Q&A: Why are Australian visa fees increasing?
Australian government announces new levies on foreign workers in budget
Application fees for the new two-year Temporary Skills Shortage visa will be $1,150 AUD, and the four-year visa will be $2,400 AUD, double the current fee for a 457 visa.
The Australian government announces its annual budget at this time each year, outlining its plans for the new financial year beginning July 1st.
Part of the budget relates to immigration, including planning numbers for permanent migration, and fee changes to visa programmes. John McQuaid, director of Arrive Australia Migration Services in Sydney, explains how Irish workers could be affected by this year’s changes, announced in the budget last week.
Will the number of visas on offer change this year?
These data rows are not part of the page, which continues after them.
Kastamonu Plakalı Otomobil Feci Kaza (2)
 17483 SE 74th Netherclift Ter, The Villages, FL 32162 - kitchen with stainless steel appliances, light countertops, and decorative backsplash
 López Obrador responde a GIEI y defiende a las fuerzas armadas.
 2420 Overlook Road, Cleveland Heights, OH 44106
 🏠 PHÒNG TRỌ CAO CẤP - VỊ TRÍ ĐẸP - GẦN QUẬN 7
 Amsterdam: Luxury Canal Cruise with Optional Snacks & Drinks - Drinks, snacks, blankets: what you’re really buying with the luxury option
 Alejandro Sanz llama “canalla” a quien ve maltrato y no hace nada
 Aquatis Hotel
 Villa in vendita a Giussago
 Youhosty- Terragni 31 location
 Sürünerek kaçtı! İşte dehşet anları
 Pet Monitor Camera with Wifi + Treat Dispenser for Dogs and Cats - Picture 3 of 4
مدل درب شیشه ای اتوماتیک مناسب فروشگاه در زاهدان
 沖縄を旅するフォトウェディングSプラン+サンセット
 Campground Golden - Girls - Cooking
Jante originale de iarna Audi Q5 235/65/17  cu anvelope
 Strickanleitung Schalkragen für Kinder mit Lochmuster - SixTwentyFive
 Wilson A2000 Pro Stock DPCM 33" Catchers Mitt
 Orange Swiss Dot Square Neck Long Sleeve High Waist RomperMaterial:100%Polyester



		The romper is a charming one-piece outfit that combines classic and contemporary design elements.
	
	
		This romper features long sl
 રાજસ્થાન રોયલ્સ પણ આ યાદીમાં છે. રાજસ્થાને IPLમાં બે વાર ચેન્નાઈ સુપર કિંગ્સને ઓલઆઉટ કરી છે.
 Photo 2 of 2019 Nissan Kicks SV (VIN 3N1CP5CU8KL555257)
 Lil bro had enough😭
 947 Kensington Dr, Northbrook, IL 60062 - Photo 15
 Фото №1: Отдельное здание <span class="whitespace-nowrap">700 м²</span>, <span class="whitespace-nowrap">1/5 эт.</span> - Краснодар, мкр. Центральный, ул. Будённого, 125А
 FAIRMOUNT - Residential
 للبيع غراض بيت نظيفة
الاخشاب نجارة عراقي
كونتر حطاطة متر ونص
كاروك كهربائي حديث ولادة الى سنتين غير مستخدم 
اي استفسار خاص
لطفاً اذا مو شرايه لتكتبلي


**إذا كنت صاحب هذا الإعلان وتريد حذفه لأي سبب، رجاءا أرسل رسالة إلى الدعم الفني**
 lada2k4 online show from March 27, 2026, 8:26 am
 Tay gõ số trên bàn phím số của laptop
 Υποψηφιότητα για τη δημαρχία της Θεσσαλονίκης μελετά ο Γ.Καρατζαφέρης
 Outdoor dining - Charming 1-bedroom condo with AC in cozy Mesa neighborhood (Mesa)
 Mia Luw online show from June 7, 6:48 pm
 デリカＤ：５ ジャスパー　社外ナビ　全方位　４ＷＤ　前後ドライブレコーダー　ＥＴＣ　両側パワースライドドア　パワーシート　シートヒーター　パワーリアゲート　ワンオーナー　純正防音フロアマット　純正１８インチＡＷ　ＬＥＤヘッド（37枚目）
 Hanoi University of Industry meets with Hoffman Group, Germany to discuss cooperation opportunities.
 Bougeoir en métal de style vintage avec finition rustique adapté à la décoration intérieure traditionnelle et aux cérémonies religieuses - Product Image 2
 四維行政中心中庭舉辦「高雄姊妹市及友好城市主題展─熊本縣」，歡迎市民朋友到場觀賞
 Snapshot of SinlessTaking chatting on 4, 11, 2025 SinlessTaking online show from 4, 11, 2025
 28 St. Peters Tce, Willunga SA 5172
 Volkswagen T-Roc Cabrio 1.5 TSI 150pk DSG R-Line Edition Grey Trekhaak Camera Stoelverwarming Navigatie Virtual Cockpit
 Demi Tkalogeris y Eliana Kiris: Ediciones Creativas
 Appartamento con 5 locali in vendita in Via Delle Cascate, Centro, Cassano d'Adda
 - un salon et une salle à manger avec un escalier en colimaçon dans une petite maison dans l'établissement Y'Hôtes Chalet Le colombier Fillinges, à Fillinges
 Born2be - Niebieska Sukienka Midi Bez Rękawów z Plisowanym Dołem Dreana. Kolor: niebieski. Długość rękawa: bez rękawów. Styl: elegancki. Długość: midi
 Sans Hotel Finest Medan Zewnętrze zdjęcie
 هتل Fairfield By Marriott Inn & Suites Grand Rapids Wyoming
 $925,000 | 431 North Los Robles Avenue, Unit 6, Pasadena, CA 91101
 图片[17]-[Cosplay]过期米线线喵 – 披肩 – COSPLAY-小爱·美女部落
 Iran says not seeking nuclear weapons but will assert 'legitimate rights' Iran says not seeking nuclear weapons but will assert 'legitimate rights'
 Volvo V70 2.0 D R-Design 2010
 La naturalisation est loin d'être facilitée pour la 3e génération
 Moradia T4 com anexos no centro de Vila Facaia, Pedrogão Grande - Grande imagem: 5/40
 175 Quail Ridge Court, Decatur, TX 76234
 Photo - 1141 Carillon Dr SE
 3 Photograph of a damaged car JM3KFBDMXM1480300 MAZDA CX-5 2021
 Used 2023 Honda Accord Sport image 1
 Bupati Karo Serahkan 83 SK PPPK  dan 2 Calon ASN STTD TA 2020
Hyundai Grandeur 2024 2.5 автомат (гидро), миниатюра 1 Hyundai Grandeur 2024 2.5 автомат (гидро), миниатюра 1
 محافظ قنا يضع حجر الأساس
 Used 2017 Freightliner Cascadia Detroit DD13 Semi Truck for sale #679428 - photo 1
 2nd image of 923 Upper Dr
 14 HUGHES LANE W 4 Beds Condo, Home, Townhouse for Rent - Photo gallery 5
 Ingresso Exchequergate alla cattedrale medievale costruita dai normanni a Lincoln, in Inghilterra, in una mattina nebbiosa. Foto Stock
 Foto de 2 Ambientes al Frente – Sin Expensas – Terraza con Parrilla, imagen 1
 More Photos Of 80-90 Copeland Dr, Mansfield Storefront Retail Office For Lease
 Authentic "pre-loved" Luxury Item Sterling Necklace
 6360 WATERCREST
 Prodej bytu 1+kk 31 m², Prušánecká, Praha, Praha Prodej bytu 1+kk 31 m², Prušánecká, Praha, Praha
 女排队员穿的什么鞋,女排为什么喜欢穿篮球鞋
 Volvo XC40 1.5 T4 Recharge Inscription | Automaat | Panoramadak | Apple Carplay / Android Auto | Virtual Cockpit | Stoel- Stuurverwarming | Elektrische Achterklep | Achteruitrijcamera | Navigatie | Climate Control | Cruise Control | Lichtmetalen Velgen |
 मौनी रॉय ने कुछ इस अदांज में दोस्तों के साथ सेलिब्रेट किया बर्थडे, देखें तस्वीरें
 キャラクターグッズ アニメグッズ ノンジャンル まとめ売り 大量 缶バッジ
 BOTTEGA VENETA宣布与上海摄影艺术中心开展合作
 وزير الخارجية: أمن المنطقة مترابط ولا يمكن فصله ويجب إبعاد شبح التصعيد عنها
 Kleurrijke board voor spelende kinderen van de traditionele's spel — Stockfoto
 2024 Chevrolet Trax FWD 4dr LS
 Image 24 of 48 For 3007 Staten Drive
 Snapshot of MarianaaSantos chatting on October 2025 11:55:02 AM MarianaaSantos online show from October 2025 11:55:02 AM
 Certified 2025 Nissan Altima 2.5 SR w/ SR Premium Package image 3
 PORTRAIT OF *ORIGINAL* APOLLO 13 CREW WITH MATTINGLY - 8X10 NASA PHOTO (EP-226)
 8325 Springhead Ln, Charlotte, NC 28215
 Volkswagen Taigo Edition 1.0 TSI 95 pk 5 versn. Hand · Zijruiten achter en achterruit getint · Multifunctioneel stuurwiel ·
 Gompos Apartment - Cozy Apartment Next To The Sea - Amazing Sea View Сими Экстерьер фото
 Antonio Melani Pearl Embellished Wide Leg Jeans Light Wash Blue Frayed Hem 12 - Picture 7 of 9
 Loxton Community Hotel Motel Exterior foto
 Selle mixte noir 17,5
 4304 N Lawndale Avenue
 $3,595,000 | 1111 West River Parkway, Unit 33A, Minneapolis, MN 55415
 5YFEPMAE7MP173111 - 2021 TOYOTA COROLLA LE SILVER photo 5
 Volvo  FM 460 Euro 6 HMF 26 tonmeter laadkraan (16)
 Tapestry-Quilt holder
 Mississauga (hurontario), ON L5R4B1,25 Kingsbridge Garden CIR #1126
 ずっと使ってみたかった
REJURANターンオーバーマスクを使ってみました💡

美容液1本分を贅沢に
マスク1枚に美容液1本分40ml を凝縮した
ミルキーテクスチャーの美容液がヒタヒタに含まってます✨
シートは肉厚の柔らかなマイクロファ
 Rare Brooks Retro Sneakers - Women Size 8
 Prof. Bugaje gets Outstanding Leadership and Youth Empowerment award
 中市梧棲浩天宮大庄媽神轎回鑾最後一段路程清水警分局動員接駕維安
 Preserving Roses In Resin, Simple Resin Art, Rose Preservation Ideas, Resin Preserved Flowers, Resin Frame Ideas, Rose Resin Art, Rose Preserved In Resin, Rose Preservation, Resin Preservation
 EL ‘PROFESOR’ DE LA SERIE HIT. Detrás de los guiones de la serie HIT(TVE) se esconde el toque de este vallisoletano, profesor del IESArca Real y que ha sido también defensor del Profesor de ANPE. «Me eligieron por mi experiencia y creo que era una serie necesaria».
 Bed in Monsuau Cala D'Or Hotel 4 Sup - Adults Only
The good news is that the permanent migration programme to Australia will remain at 190,000 places for the 2017-18 year. This is the same level as the last five years. Australia is still committed to bringing in high number of skilled migrants; 128,550 of these places will be for skilled migration under independent skilled visas, employer nominated skilled visas, and state nominated skilled visas.
Temporary sponsored visas are not included in this number, as there is no cap on temporary visas. But as announced in April, the 457 visa will be replaced by the dual stream Temporary Skills Shortage visa on March 1st 2018. The current Skilled Occupation List is replaced by the Medium and Long-term Strategic Skills List. The current Consolidated Sponsored Occupation List is replaced by the Short-term Skilled Occupation List
Are visa fees going up?
All visas fees increase with each budget, usually in line with the Consumer Price Index inflation, which is about 3 per cent per year. As an example, the independent skilled permanent visa fee will rise this year from $3,600 AUD (€2,413) to $3,670 AUD (€2,460).
Those applying for the new Temporary Skills Shortage visas will pay much more than they did for the 457 visa. From March 2018, application fees for the two-year visa will be $1,150 AUD, and the four-year visa will be $2,400 AUD, double the current fee for a 457 visa. Visa fees can be paid by employers or employees, or shared between both. Many smaller employers expect the employee to pay the visa fee.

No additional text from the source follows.